Sure, I get that there are constraints. Every designer and developer has them, whether it is a legacy system that limits the ability to change markup, or a boss who would rather allocate time and resources to something other than front-end development. But working within those constraints to develop excellent sites is the hallmark of a true professional.
Yet most of the people I’ve met who work in the web industry are true professionals. They are passionate and committed to their work, continually striving to create great web sites and applications. So, why do so many of them forget about the power of good markup? What I’ve come to realize is that it isn’t just about constraints. It isn’t about treating HTML like a red-headed stepchild. It isn’t even laziness (though I admit I think that sometimes).
The problem must be a lack of understanding and knowledge. Fortunately, that is something I can help change by taking you on a little journey in this article. We’ll explore what semantic markup is and looks like, as well as the benefits it offers. We’ll also take a look at how see how you can take semantics beyond your markup into CSS. And, lastly, we’ll see how semantic markup can be extended to provide valuable meaning to machines
Semantic markup is markup that has meaning; markup that describes the content it contains, rather than what that content should look like. This means no more <font> tags, no more <b> tags, no more <table> elements used for layout.

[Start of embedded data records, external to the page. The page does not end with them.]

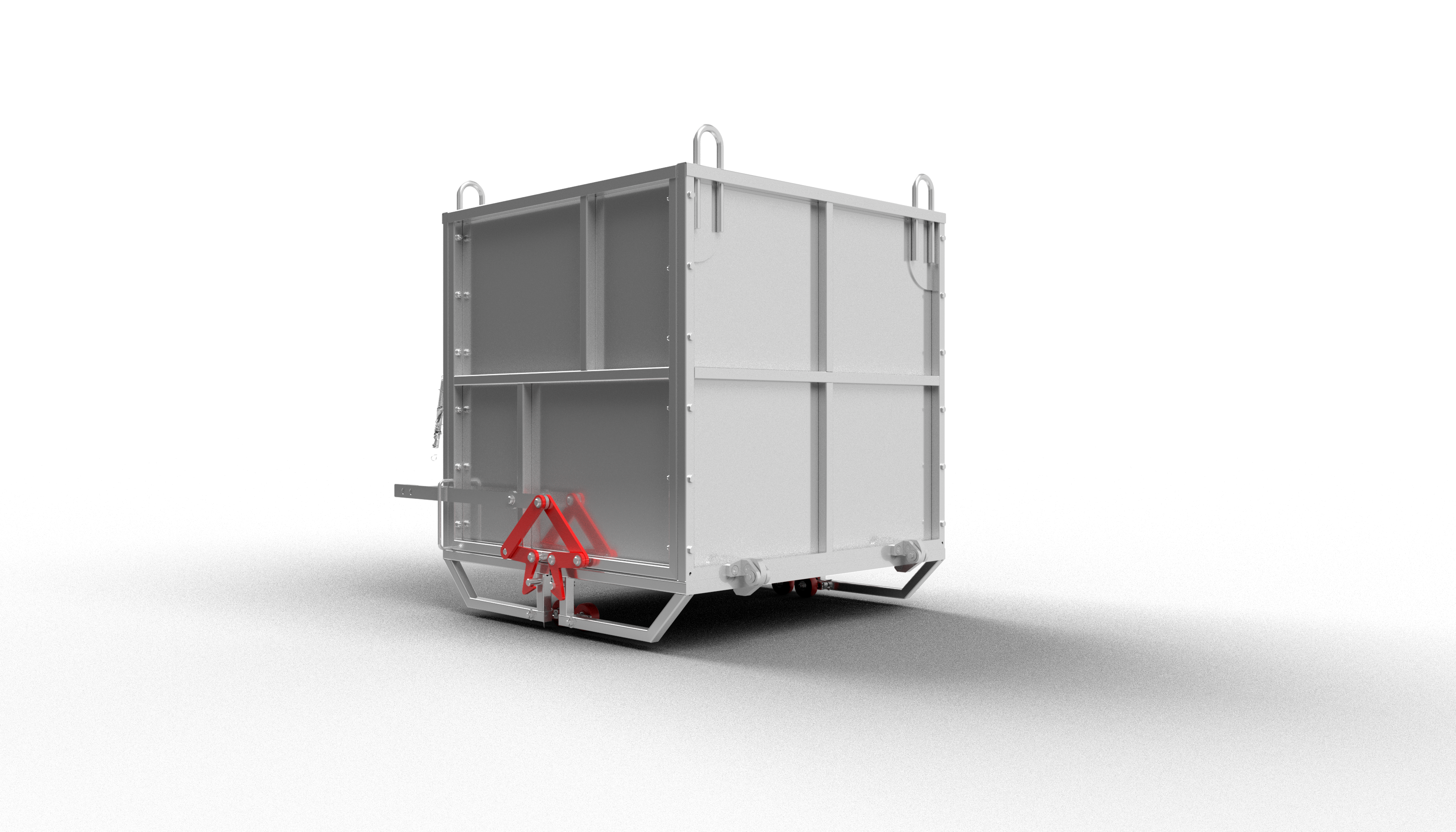 ABACO DROP BOTTOM DUMPSTER - DBD100, DBD150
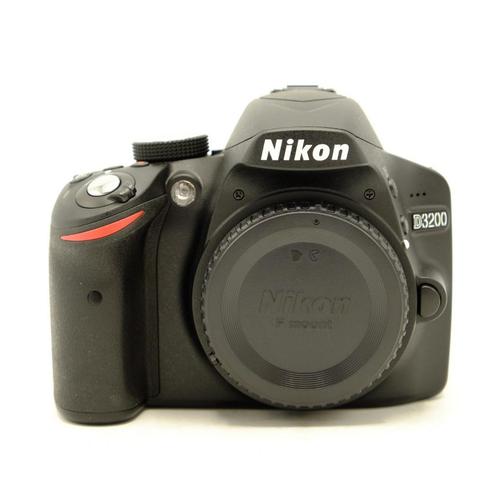 Nikon D3200 Camera Body (Occasion) - 2690 Opnamen, Audio, Tv en Foto, Fotocamera's Digitaal, Geen optische zoom, Zo goed als nieuw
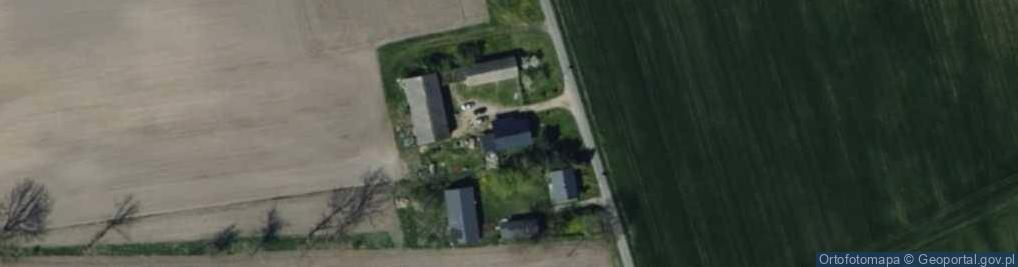 Zdjęcie satelitarne Jarochówek ul.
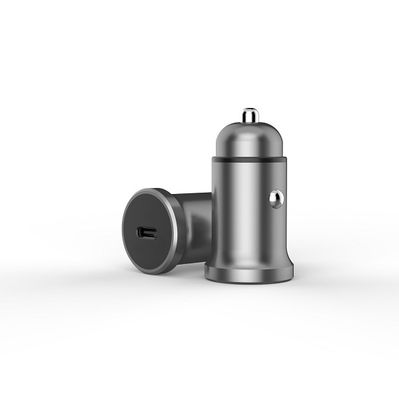 Type C USB Single Port PD18W QC 3.0 Car Charger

Instead, semantic markup encourages you to think about the content first. So, if you have a list, you should use a list element such as <ul>. If you have a paragraph, you should use <p> instead of <div>. If you have a headline, you should use a heading element like <h2>.
Conversely, if you need to indent content, don’t use <blockquote> unless it is an actual quote. If you want content to appear big and bold, don’t use <h1> unless it is actually the primary heading of the page. For those types of presentational needs, CSS is your friend, not markup.
Regardless of terminology, semantic markup should also be valid. All this means is that your markup validates against the assigned DOCTYPE. Whether you are writing HTML 4, XHMTL or even HTML5, your markup should contain no errors and no illegal elements or attributes.
How do you know if your markup is valid? Simple. Use the W3C’s online validator.
By this point, you may get the gist of semantic markup but you may also be wondering why it matters.
One of the foremost benefits is portability. Pages marked up with POSH not only work in web browsers, but all sorts of machines, including screen readers, mobile devices and text browsers. So, you write with POSH once, and you can deliver your content to a myriad of devices both now and in the future.
Semantic markup also offers efficiencies in the development process, which is particularly useful for teams. By using POSH, you establish a common vocabulary for your site markup. Developers don’t need to take extra time to consider what markup should be used for different types of content. A paragraph gets a <p>. An ordered list gets an <ol> and so on.
Further, by following these standards and eliminating unnecessary <div>s, <span>s and nested <table>s, markup is more readable. And readability has a huge impact on how easy it is to troubleshoot, debug and maintain.
Another benefit of semantic markup is that it provides the foundation for an accessible site. As I mentioned in my web accessibility and WAI-ARIA primer, assistive technologies such as screen readers navigate sites according to structure. For example, a site marked up with heading elements (<h1>-<h6>) to convey a hierarchical content structure gives screen reader users the ability to jump to different sections in the hierarchy.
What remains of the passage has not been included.